Exercise>
Leaving the pictures aside, repeat the entries exactly.

Provided material>

====

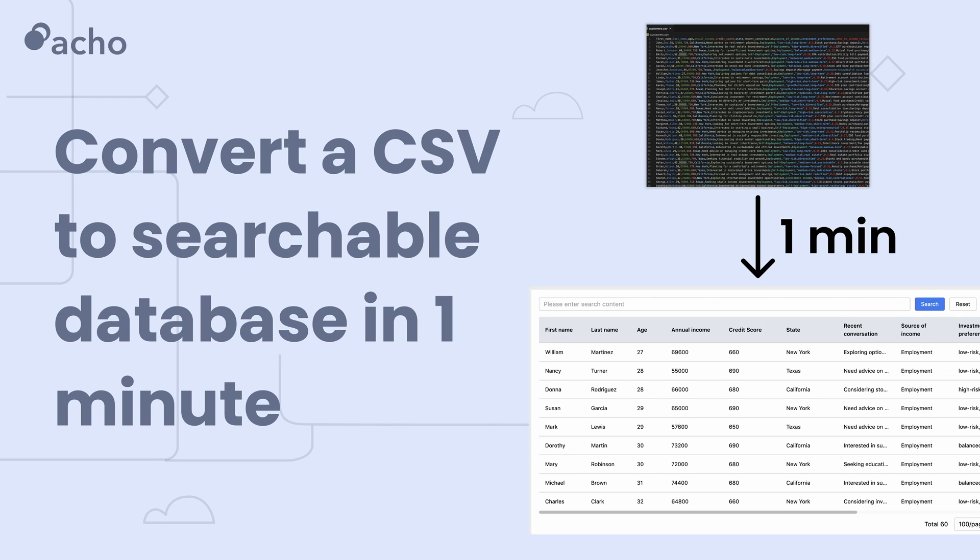Hi, today I will show you how to convert a CSV file to a searchable database in one minute. Check it out.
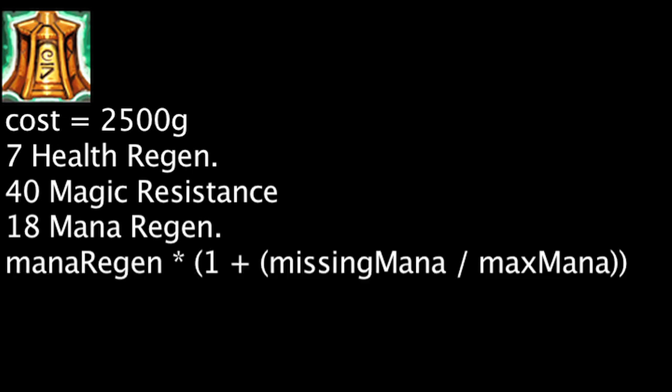It will also multiply a champion's mana regeneration by 1 plus the champion's missing mana divided by their maximum mana.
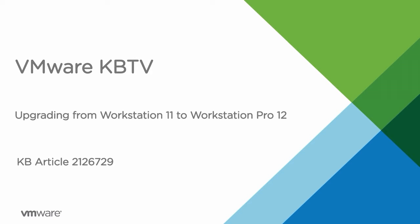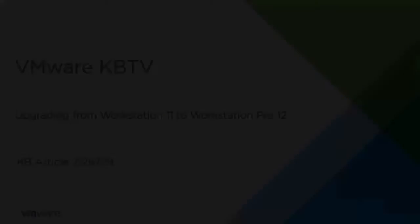In this video, we will take a quick look at how to upgrade from VMware Workstation 11 to Workstation Pro 12.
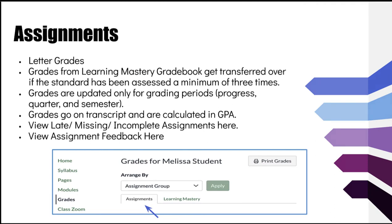The second gradebook is the Assignments gradebook. This is what you may be most familiar with, as it's used most frequently in the rest of your classes. There are two purposes of the Assignment Gradebook. First, it is where you will see your letter grade at the end of grading periods such as the progress quarter and semesters. Your grade will be converted into points using a decaying average, where the newest assignments are weighted more heavily because each time you are assessed on a standard you get feedback and learn more.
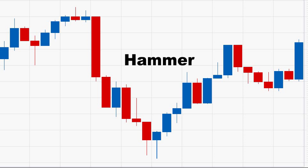This is the fifth video in a series about candlestick charts and patterns. In this video we're going to cover hammer candles and hanging man candles along with morning star patterns and evening star patterns.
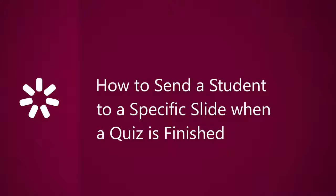This tutorial will show you how to redirect users to a specific slide after they take a quiz. Inserting knowledge checks in your online course is a great way to make sure learners understand the material. Based on their level of knowledge, you can automatically send them to different parts of the course, or send them back to review previous material.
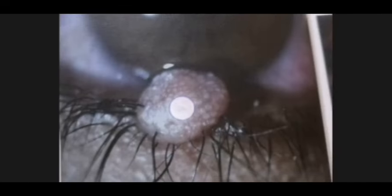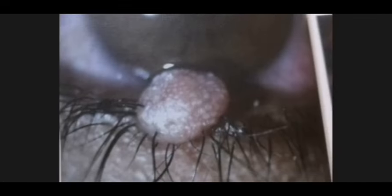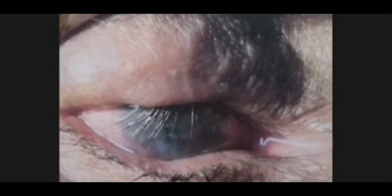Are you going well or not? So what's this? This is the lower eyelid. What's the condition? It is molluscum contagiosum again. And now what's the condition here? It is trachoma with complication of entropion and dry eye.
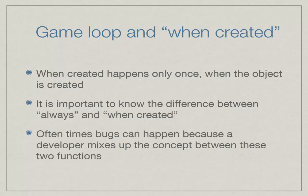Welcome back everyone. Let's talk about the game loop and the when created event. The when created event only happens once, and this is when the object is created.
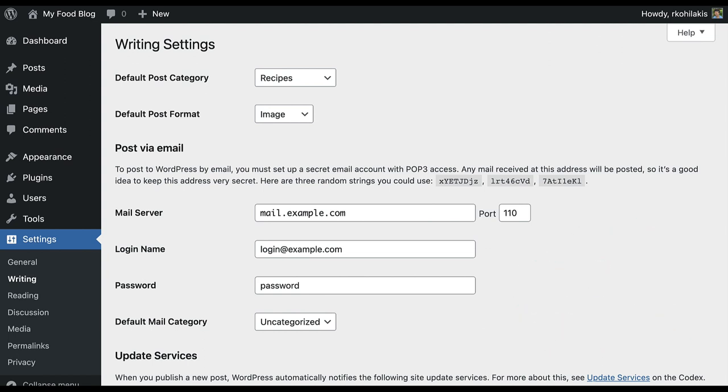Just make sure your email is secret and difficult to guess. WordPress will give a series of random strings that you could use for the email. Any email sent to this account once it's set up will result in a blog post. That's why you want to keep it secret.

====

Solution to this task>
Hi, today I will show you how to convert a CSV file to a searchable database in one minute. Check it out.
It will also multiply a champion's mana regeneration by 1 plus the champion's missing mana divided by their maximum mana.
In this video, we will take a quick look at how to upgrade from VMware Workstation 11 to Workstation Pro 12.
The second gradebook is the Assignments gradebook. This is what you may be most familiar with, as it's used most frequently in the rest of your classes. There are two purposes of the Assignment Gradebook. First, it is where you will see your letter grade at the end of grading periods such as the progress quarter and semesters. Your grade will be converted into points using a decaying average, where the newest assignments are weighted more heavily because each time you are assessed on a standard you get feedback and learn more.
This is the fifth video in a series about candlestick charts and patterns. In this video we're going to cover hammer candles and hanging man candles along with morning star patterns and evening star patterns.
This tutorial will show you how to redirect users to a specific slide after they take a quiz. Inserting knowledge checks in your online course is a great way to make sure learners understand the material. Based on their level of knowledge, you can automatically send them to different parts of the course, or send them back to review previous material.
Are you going well or not? So what's this? This is the lower eyelid. What's the condition? It is molluscum contagiosum again. And now what's the condition here? It is trachoma with complication of entropion and dry eye.
Welcome back everyone. Let's talk about the game loop and the when created event. The when created event only happens once, and this is when the object is created.
Just make sure your email is secret and difficult to guess. WordPress will give a series of random strings that you could use for the email. Any email sent to this account once it's set up will result in a blog post. That's why you want to keep it secret.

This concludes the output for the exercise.